Peace talks between Philippines and Muslim rebels make progress

Philippine government negotiators and Muslim separatists made progress toward cementing a peace deal in negotiations Tuesday in Malaysia, a rebel official said.

The Moro Islamic Liberation Front and the Philippine government held formal negotiations in a hotel in Port Dickson outside Kuala Lumpur after wrapping up a technical meeting Monday, a Malaysian government official familiar with the discussions said on condition of anonymity. Malaysia is helping facilitate the talks.

"Surely, we are now in the final stretch of our peace talks in our journey toward finding a comprehensive, just, and lasting solution to this problem in Mindanao," MILF's chief negotiator, Mohagher Iqbal, said in a statement.

"We must not fail to seize this opportunity," Iqbal said. The Malaysian official said negotiators from both sides are putting "the final touches" on a statement on the progress that has been made. The statement was expected to be issued later Tuesday when the talks end.
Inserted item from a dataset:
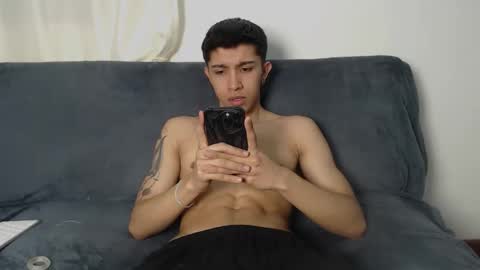 thesaint_xxx online show from 11/14/25, 04:33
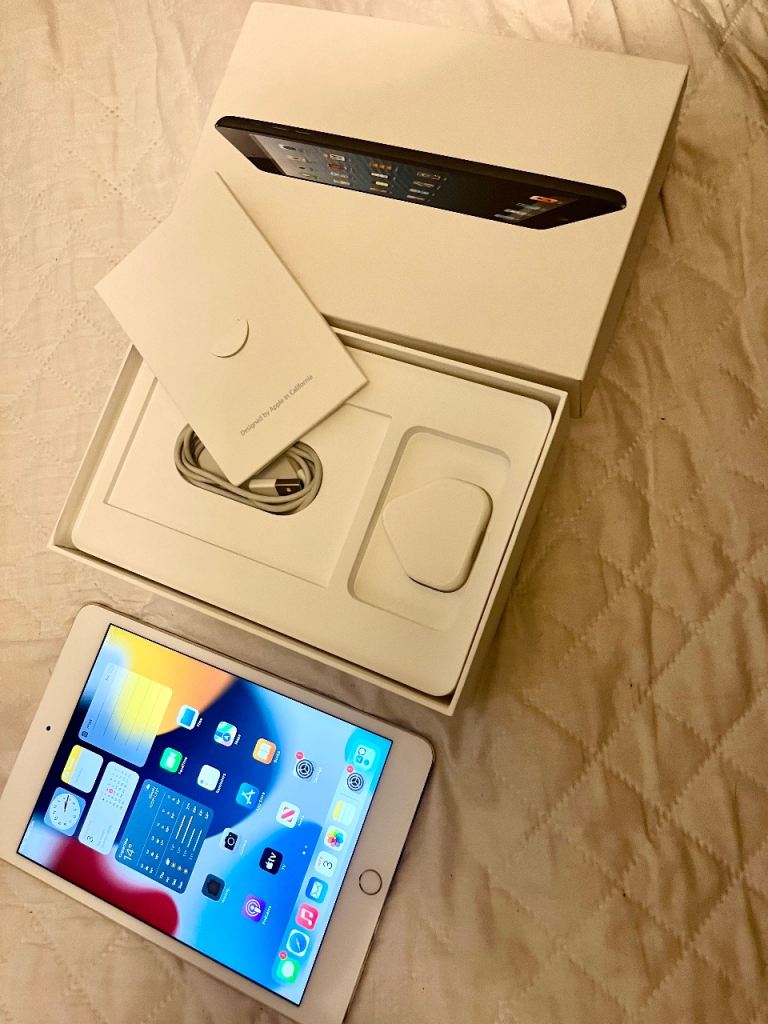 IPad mini 4. 128gb WiFi cellular boxed cable charger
He said the negotiations were over the issues of ancestral land, ownership rights to resources, and efforts to seek peace in order to obtain international aid to bring development to the southern Philippines.

The MILF, which the Philippine military says has 11,000 men with over 8,000 firearms, has been fighting for self-rule in the southern Mindanao region for more than two decades. A 2003 cease-fire is in place while negotiations are being held.

Both sides have expressed optimism that the latest talks will help them overcome long-standing differences and move closer to a peace accord.

"We are hopeful that something will come out on the discussion of the agenda on ancestral domain," Philippine Executive Secretary Eduardo Ermita said Sunday, referring to the thorny issue of minority Muslims' territorial rights in the Philippines' volatile south, reports the AP.